They said they couldn't do it that quickly, But this was money that was supposed to be paid before.

Speaker 4

Right.

Speaker 2

Does that make sense that they said they couldn't do it that quickly. Don't they have it on hand?

Speaker 3

It's certainly hard to tell, and based on the court record, it's not clear what exactly is going on. We know that this is happening at the same time that huge numbers of USAID, the agency that funds most of this staffers, have been laid off or furloughed, and so you know, it may be at least in part that they're aren't people there who can do this sort of stuff the

way they used to. But yes, your underlying question is aren't these all payments that under the normal course, would have been made by now, or at least aren't most of them? And the answer is yes. So one might have imagined that there was a mechanism for actually paying these things.

Speaker 2

So you had two conservatives, the Chief Justice and Justice Amy Coney Barrett, joining with the three liberals. What did they decide.

Speaker 3

Yeah. So again, this was the Trump administration asking the Supreme Court to put this compliance order, this order to pay as much as two billion dollars on hold, and Chief Justice Roberts, Justice Barrett joined the Court's three liberal justices to say, no, we're not going to put that

order on hold. Now, there's a twist to this, which is that the order was originally put in place last week, on Tuesday of last week, and Chief Justice Roberts had temporarily put it on hold, which means that the deadline for actually make these payments has already passed. The original deadline was a week ago today, and so it's not clear exactly what happens next. Obviously, since that deadline has passed,

the administration can't meet it. The Supreme Court did suggest that the district Judge juj A. Lee should clarify his order and take into account the feasibility of meeting deadlines. So probably the next step involves him. But the order from the court from the Supreme Court today was a little bit ambiguous on exactly how this is supposed to work.

Speaker 2

Four Conservatives dissented, Justices Clarence Thomas, Samuel Alito, Neil Gorsich and Brett Kavanaugh. Justice Alito said he was stunned by the majority's decision, and he wrote an eight page descent to the majority's one paragraph order.

Speaker 3

Well, his problem was, he said that the district judge way overstepped his authority. He called it. Justice Alito called it judicial hubris, and he said the court was now allowing that, rewarding that and as Leader put it, quote, it imposes a two billion dollar penalty on American taxpayers. To say that this was a strongly worded dissent would

be an understatement. Essentially, he said that he thought the administration had a really strong argument that the groups could not recoup this money, could not force these payments, at least in the context of this lawsuit. He talked about sovereign immunity, He talked about the court's jurisdiction, and he said that because of that, he would have kept a pause on this lower court order and maybe even granted review of the administration's arguments, granted cert in the case.

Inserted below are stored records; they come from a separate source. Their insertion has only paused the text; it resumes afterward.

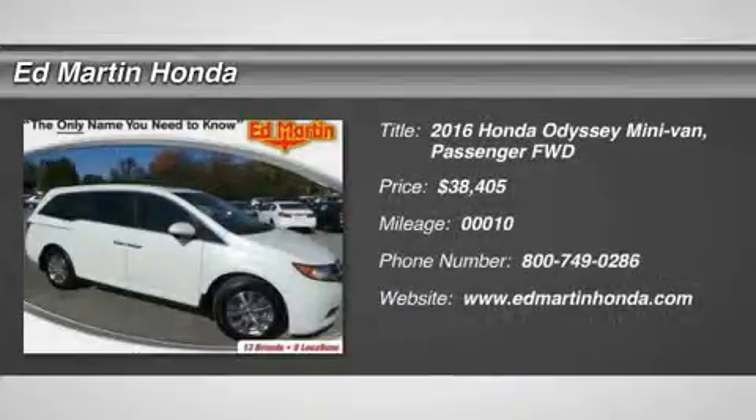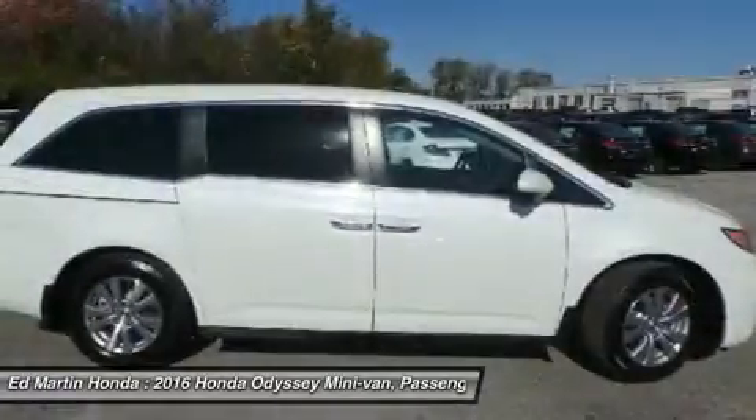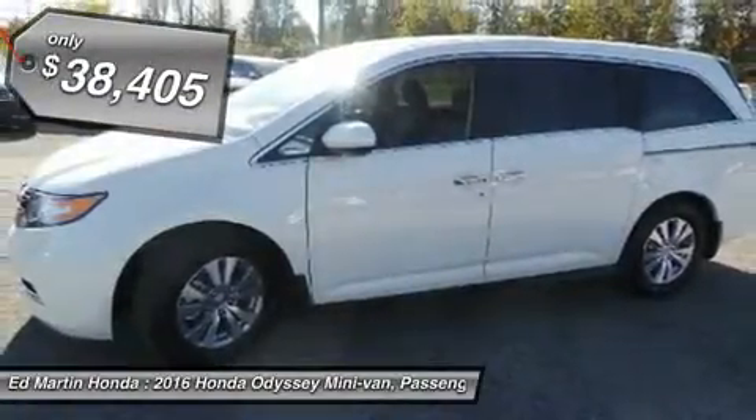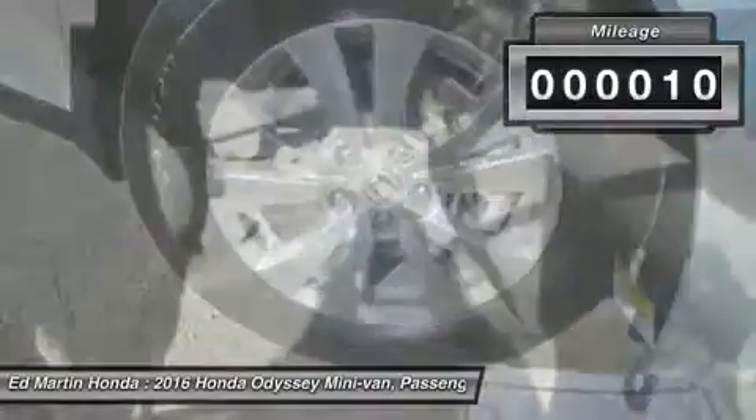2016 Odyssey. The Honda Odyssey is a showcase of distinguished style, captivating technology, and advanced safety features. A must for all families, and is priced below $40,000. This vehicle has less than 100 miles.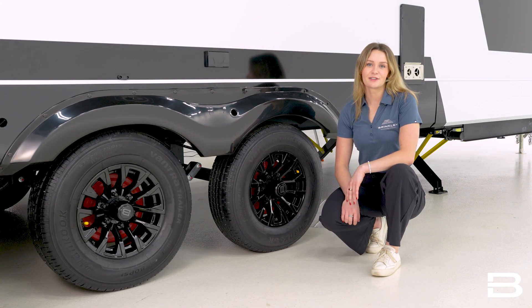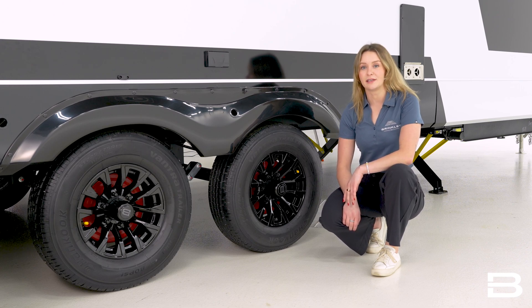Last but not least, connect to your OneControl app to access your digital odometer and receive live diagnostics from your camping trip. To learn more about Model I or find your local Brinkley dealer, go to BrinkleyRV.com.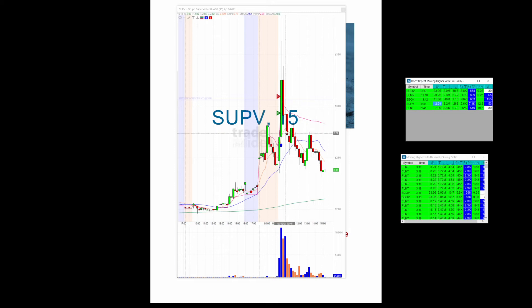SUPV, 291. Before, it pulled all the way back — it happened on this candle all the way up here. And this is a 15-minute candle, so it had time. Right at the 363.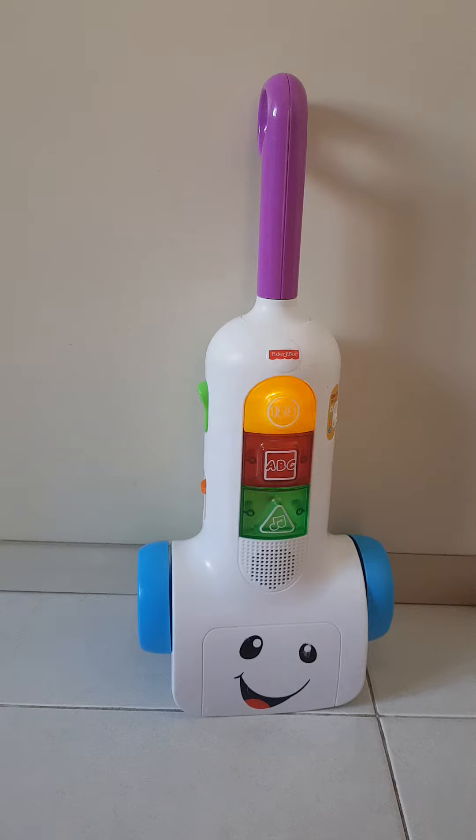Do you see a circle anywhere? Find some shape to clean today. Then put the vacuum away.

But he certainly would not have let this lower court order be reinstated and essentially forced the administration to make these payments.

Speaker 2

Did the administration appeal the judge's order itself, or did it appeal the compliance timeline for the order.

Speaker 3

The administration appealed only the compliance timeline. It did not challenge the original temporary restraining order that lifted the freeze that have been put in place. And part of the reason for that is that there are real questions about whether a t RO can be appealed at all. Normally, the answer is no, it can't be appealed, and the administration in another case, has been trying to sort of carve out an exception to that general principle for cases

involving the power of the executive branch. But the administration argued that this compliance order is not just a temporary restraining order that keeps the status quo in place, but it's actually an injunction that forces them to do something, namely, pay a lot of money. And so they were arguing that is something where the Supreme Court can get involved right away, well less than.

Speaker 2

Two months into Trump's second term, and this is the second time the administration has gone to the court, and not in the ordinary course appealing an appellate court's decision, but on an emergency basis. Do you think that was part of the reason that those five justices said no.

Speaker 3

You know, it's hard to say too much about the motivations of the five because the order itself is only a page along and really doesn't have any reasoning. So I'm speculating to some degree here. It is certainly unusual for the Supreme Court to get involved in any litigation this quickly, and that is probably part of the hesitance.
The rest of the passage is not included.